One of Francis’ teaching tools was said to be a set of dolls that he used to illustrate stories, and that began the nativity scene craze that we still honor today. Some stories say that he used real people and animals to recreate the birth of Christ.
Italian Presepe Today
Most Italian families continue the tradition today by setting up a manger scene, presepe or presepio. Scenes are prepared to decorate the house for the December 8th holiday of the Immaculate Conception. This holiday celebrates the conception of the Virgin Mary without sin–not the conception of Jesus, easy mistake to make. Italy loves Mary, the big Italian Mamma in the sky, and her December festa celebrates her with flowers, family feasts, and setting up her big scene in the manger. Baby Jesus is not in attendance on December 8, he hasn’t been born! The tradition in my house, as well as in Italy, is that he doesn’t appear in the crib until Christmas, where he remains until the scene is taken down after Epiphany.
Nativities in Naples
Nobody does nativity scenes like the Italians. And no Italian does the nativity like a Neapolitan, although believe me, they try. Along the street of San Gregorio Armeno in the heart of Naples, you find little shops selling all sorts of parts to create elaborate scenes.

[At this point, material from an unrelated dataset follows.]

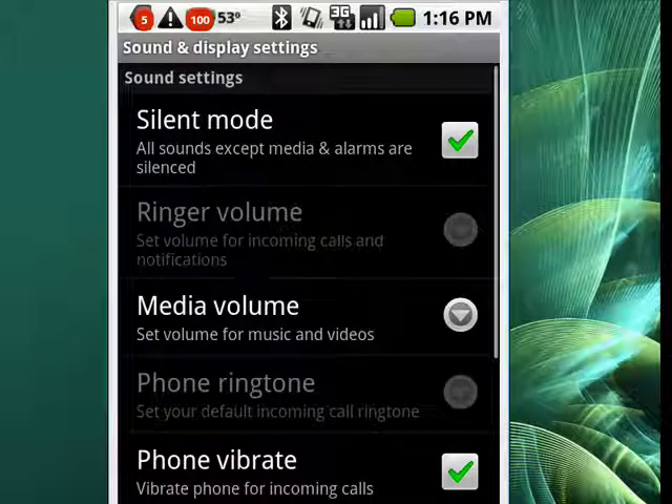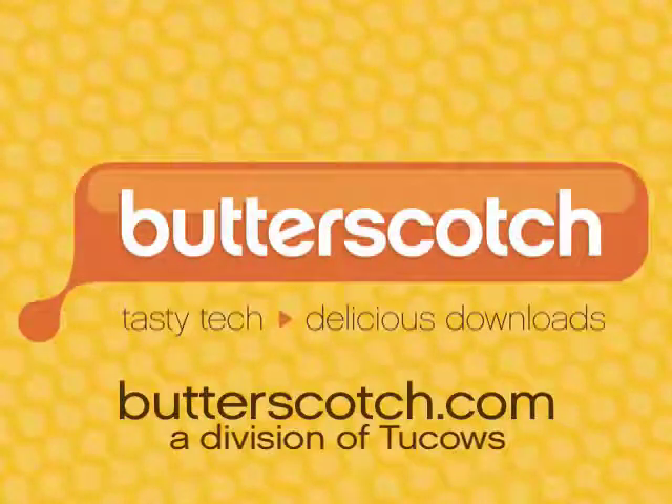You can leave it on vibrate, and you'll know when something's there, but you don't have to hear any sounds. That's putting your Android phone in silent mode, and that's all there is to it. I'll see you next time.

The shops set up display scenes that span entire walls with hundreds of characters, some several feet high with flying angels. Some displays have moving parts and sounds.
I’ve even seen one with a water feature, a moving water wheel with a mill stone that moved! In Assisi some years ago I saw a nativity scene that took up an entire room, whirring with a cacauphony of lights, song and buzzing motors.
In every presepe scene there are the traditional characters, but also peasants, farmers, princesses and….Beyonce? The artists in Naples have recently diversified away from the biblical and added pop culture icons, politicians and sports stars. You may not recognize many of the modern figurines on display, though, they are often famous Italians that are found in tabloid stories.
The grandest, the mother of all nativity scenes in Naples is perched high above the city in the Monastery of Saint Martin. Surrounded by gorgeous views of the bay and Vesuvius, the elegant 14th century monastery has been converted into a museum. It houses an eclectic collection with many items from the time of the Bourbon domination 200 years ago. One whole room is dedicated to a single nativity scene. It’s more than 20 feet wide and 10 feet high, with more than 400 large characters. In true Naples style, go big or go home.
You don’t have to go to Naples in December to check out the workshops of the nativity scenes. The shops are open and busy all year round. Many of the figures are handmade right in the workshops and some will let you see the figures being assembled and painted. There are plenty of fakes and knock-offs, so check to make sure what you buy is made in Naples. You can buy a whole scene if you visit and have it shipped home, but it will cost you– the elaborate ones can run thousands of Euro, which makes sense considering the amount of labor involved. I think I’ll stick to my mother’s handmade one, even if the celebrity additions are tempting!.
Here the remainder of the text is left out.